> [What you will do]:
Write the data below out exactly as it stands. Do not include the pictures.

> [Collected data]:

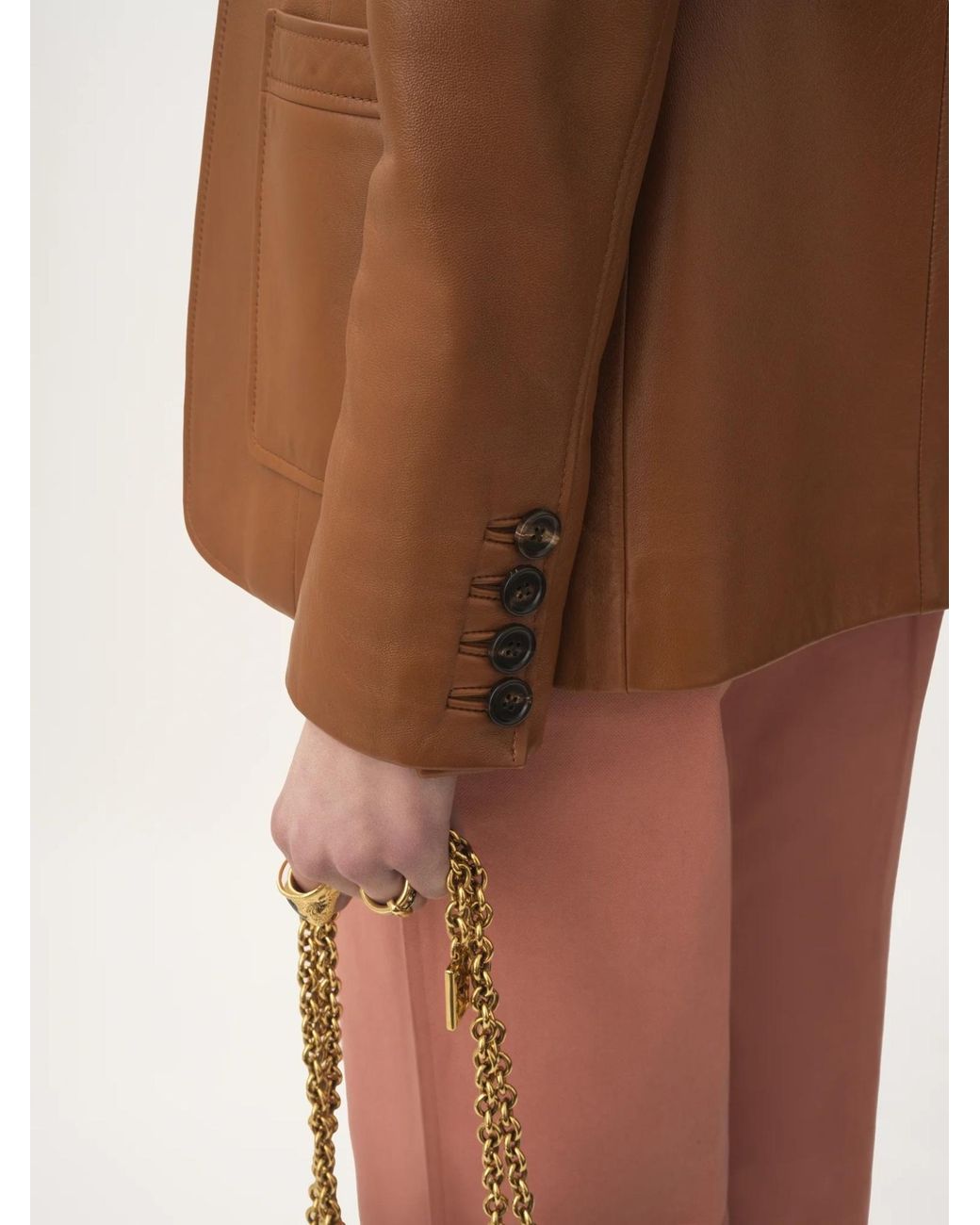 Chloé Brown Patch-Pocket Leather Jacket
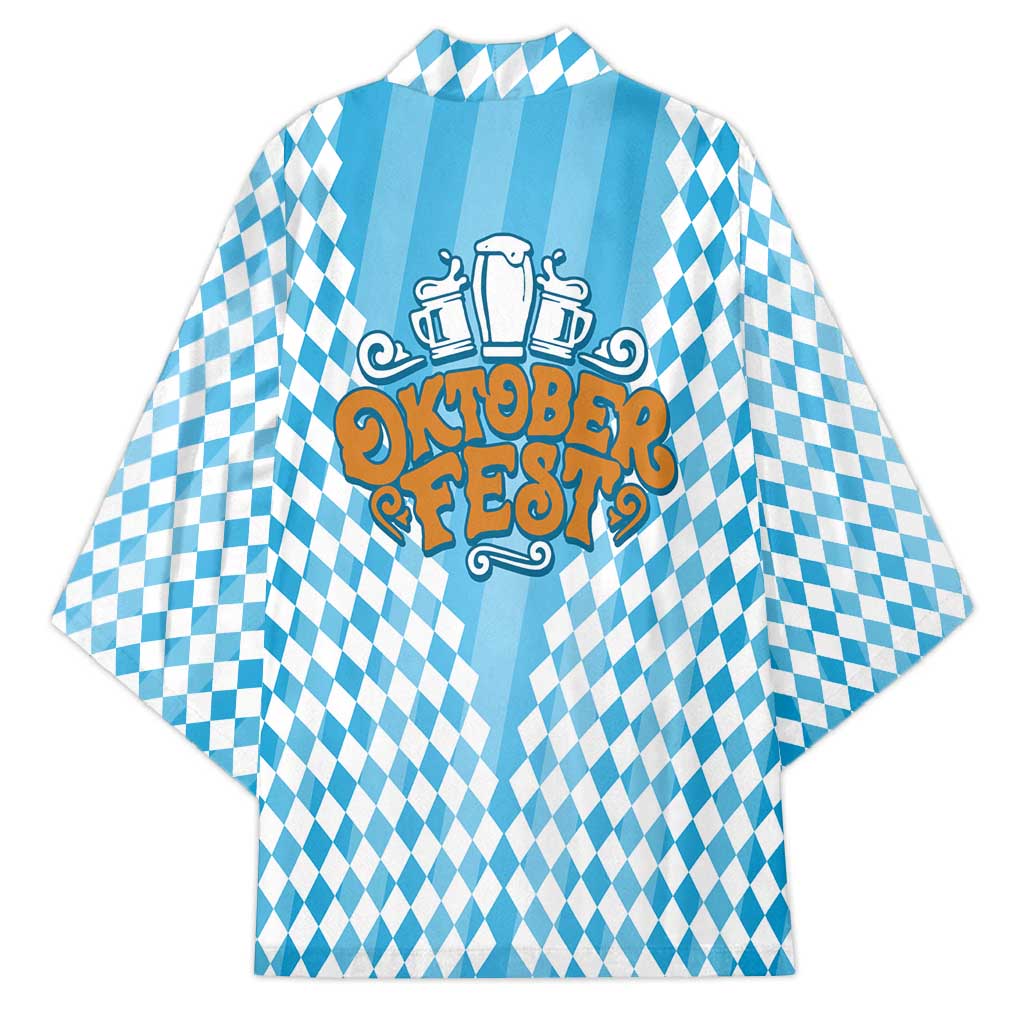 Oktoberfest Kimono with Beer Glass Illustration Blue White Diamond - Wonder Print Shop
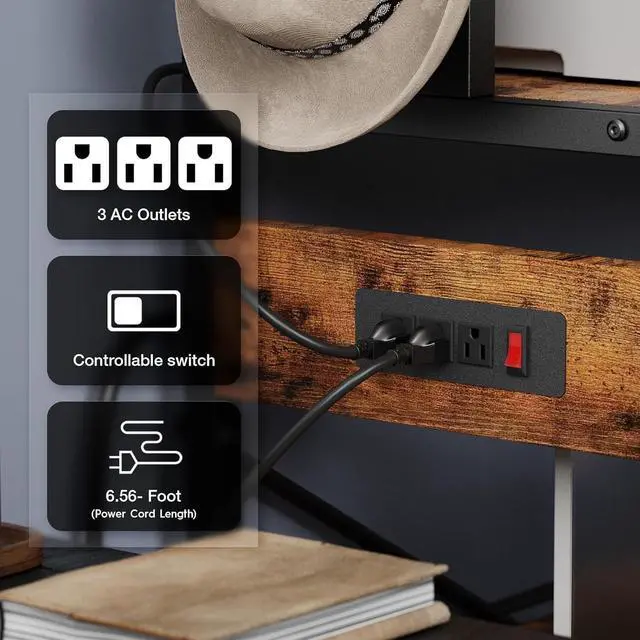 Alt view image 5 of 7 - Kitchen Bakers Rack with Power Outlet, 5 Tiers Coffee Bar Table, Kitchen Microwave Stand with 6 S-shaped Hooks, Kitchen Storage Shelf Rack for Spices, Pots, Rustic Brown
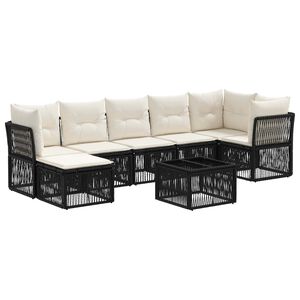 vidaXL Gartensofa-set 8 Stk. Schwarz Poly-Rattan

> [Final answer]:
 Chloé Brown Patch-Pocket Leather Jacket
 Oktoberfest Kimono with Beer Glass Illustration Blue White Diamond - Wonder Print Shop
 Alt view image 5 of 7 - Kitchen Bakers Rack with Power Outlet, 5 Tiers Coffee Bar Table, Kitchen Microwave Stand with 6 S-shaped Hooks, Kitchen Storage Shelf Rack for Spices, Pots, Rustic Brown
 vidaXL Gartensofa-set 8 Stk. Schwarz Poly-Rattan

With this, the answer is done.